By Frank Tieri, Pat & Tim Kennedy, Joe Eisma, Matt Herms, Jack Morelli, and Bob Smith

The idea behind the titles under Archie’s Madhouse banner is a great one: take characters that are symbolic of classic Americana and twist them through classic horror stories. Jughead: The Hunger had the brilliant idea of taking a character that ate a little too much and transform him into a werewolf, introducing its world in a one-shot earlier this year. With the second issue of its ongoing series done, it still delivers those terror-filled moments, albeit with some problems concerning pacing and the direction going forward.

Where The Hunger shines is its dedication to its premise and having fun while still being scary. Its initial scene with Reggie and a newly transformed Veronica is enjoyable slasher fare. There are even some little touches that we’ve seen from other stories that enhance it. Veronica for instance, acts and dresses as if she’s given in to the id of her brain, a subtle side effect of her rebirth. She even wears heart-shaped glasses referencing the show Riverdale and one of its characters, the manipulative Ms. Grundy. When the story shifts to Jughead, Tieri does a good job portraying how close to the edge he is, in particular an instant when he hears a silent alarm. Archie is also given some much needed development as he demonstrates how he could be a little useful in fighting off creatures of the night.

Unfortunately, the series at this point does suffer from having a lot of open plot threads. Between Reggie, establishing an underground network of werewolf hunters, a circus mob, and a new development at the end of the issue, it has a fair amount on its plate. Meanwhile, Jughead seems to get lost in the shuffle and we only see a little bit of him, making it hard to connect with him in his own series. The Hunger also seems to be shifting direction in how Jughead deals with his transformations which personally takes away from the fear-inducing core of the book. Letting this revelation get introduced by a tertiary character is a nice reference to Archie Comics but in terms of this story, it feels a little shoehorned in.

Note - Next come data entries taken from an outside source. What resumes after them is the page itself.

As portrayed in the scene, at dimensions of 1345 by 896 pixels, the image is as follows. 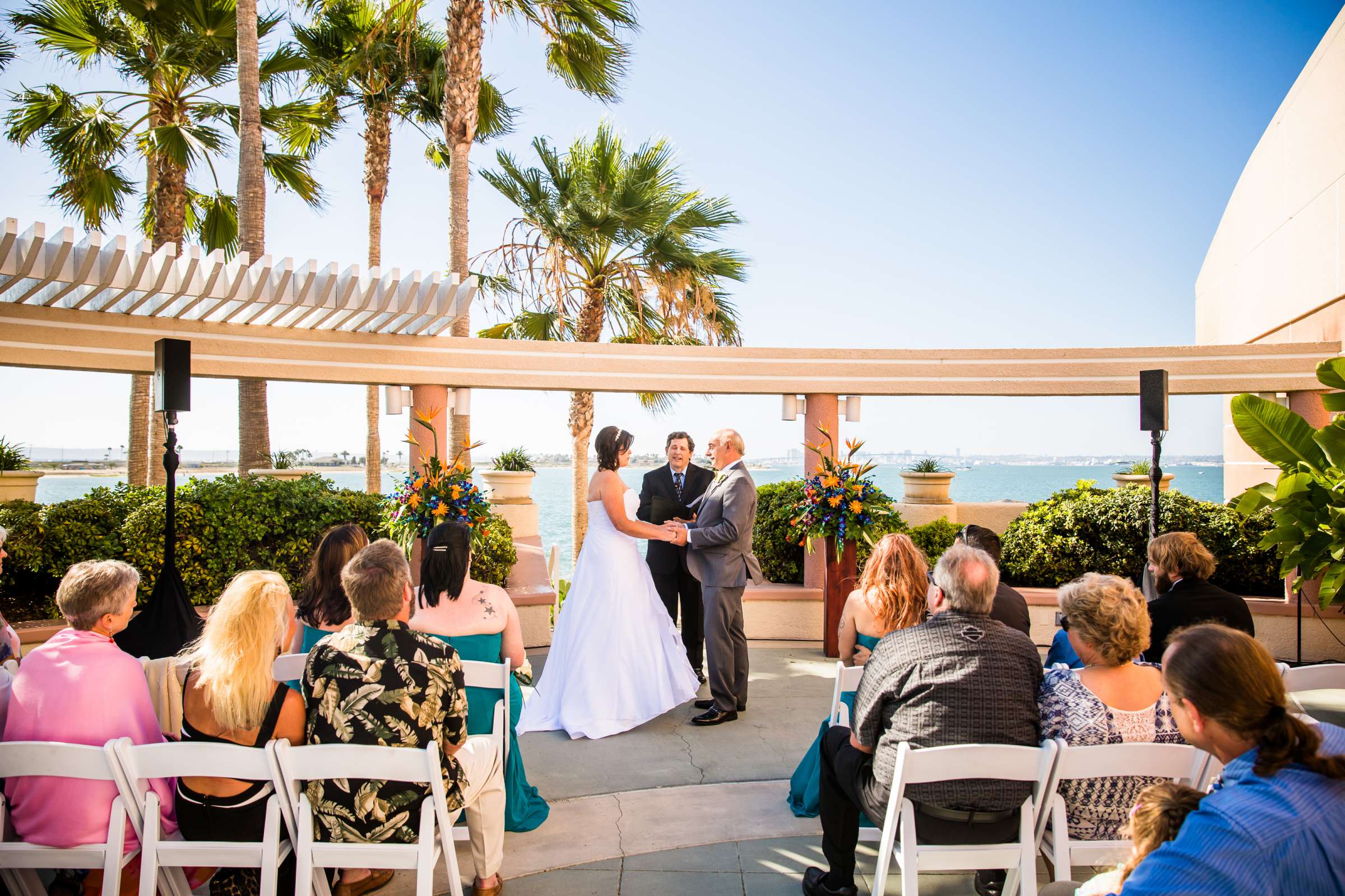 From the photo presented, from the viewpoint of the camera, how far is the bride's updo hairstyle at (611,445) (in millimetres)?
5355

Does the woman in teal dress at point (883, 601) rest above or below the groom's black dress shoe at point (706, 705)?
above

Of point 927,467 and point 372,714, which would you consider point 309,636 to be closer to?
point 372,714

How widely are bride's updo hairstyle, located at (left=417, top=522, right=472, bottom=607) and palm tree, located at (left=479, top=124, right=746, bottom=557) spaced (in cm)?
901

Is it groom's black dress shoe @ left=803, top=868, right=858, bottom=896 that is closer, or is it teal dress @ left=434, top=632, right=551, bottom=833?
groom's black dress shoe @ left=803, top=868, right=858, bottom=896

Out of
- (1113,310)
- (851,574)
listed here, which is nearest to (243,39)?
(851,574)

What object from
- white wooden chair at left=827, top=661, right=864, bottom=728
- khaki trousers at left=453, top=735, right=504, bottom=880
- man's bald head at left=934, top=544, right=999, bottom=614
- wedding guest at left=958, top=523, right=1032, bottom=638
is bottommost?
khaki trousers at left=453, top=735, right=504, bottom=880

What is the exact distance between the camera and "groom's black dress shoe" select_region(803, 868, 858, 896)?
305 cm

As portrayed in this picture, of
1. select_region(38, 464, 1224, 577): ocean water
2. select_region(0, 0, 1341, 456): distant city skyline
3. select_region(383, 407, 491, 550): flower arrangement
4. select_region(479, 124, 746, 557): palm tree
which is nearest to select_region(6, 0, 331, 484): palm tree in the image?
select_region(0, 0, 1341, 456): distant city skyline

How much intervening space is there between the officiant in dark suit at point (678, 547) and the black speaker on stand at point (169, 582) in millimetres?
3093

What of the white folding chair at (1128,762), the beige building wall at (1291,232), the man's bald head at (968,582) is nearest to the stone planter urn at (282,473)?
the man's bald head at (968,582)

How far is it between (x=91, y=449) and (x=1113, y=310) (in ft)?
351

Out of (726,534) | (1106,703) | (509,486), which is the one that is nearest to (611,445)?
(726,534)

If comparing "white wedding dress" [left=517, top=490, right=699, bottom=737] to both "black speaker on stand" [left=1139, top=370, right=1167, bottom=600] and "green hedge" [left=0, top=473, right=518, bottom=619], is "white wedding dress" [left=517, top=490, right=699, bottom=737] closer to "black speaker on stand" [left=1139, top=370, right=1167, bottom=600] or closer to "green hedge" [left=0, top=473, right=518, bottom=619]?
"green hedge" [left=0, top=473, right=518, bottom=619]

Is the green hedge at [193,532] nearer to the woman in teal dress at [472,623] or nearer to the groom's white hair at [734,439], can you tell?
the groom's white hair at [734,439] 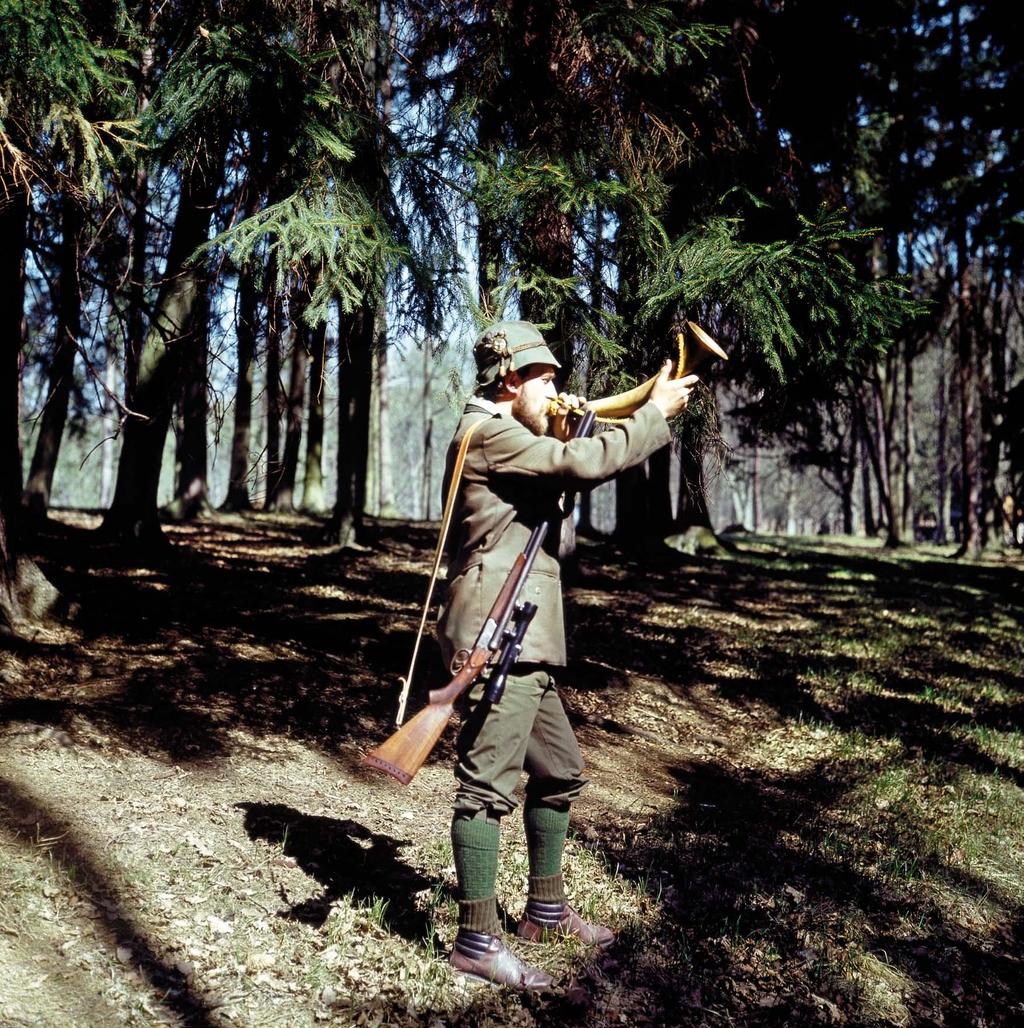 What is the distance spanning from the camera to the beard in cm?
373

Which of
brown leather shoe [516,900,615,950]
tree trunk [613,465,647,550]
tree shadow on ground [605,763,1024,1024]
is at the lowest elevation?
tree shadow on ground [605,763,1024,1024]

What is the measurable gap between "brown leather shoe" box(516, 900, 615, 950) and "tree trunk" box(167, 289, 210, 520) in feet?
10.2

The Kennedys and Eisma share art duties on this issue and while there are differences in their work, they flow pretty well. They don’t pull punches when it comes to gore or the grotesque nature of the werewolf transformations, capturing the aesthetic of B-horror movies. Herms’s colors tie in primarily with Francesco Francavilla’s work in Afterlife with Archie and gives it a unified style. A day shown with orange hues and a night dominated by blood red skies are the finishing touches in producing a noticeably creepy atmosphere.

Jughead: The Hunger #2 maintains the tone that the series has laid out, continuing its journey through a twisted version of the world inhabited by Archie characters. It’s still a great concept that when executed well, is pretty fun. This issue begins to spread its plot lines a little thin to the detriment of its premise, but still holds some good moments for those wanting to howl at the moon.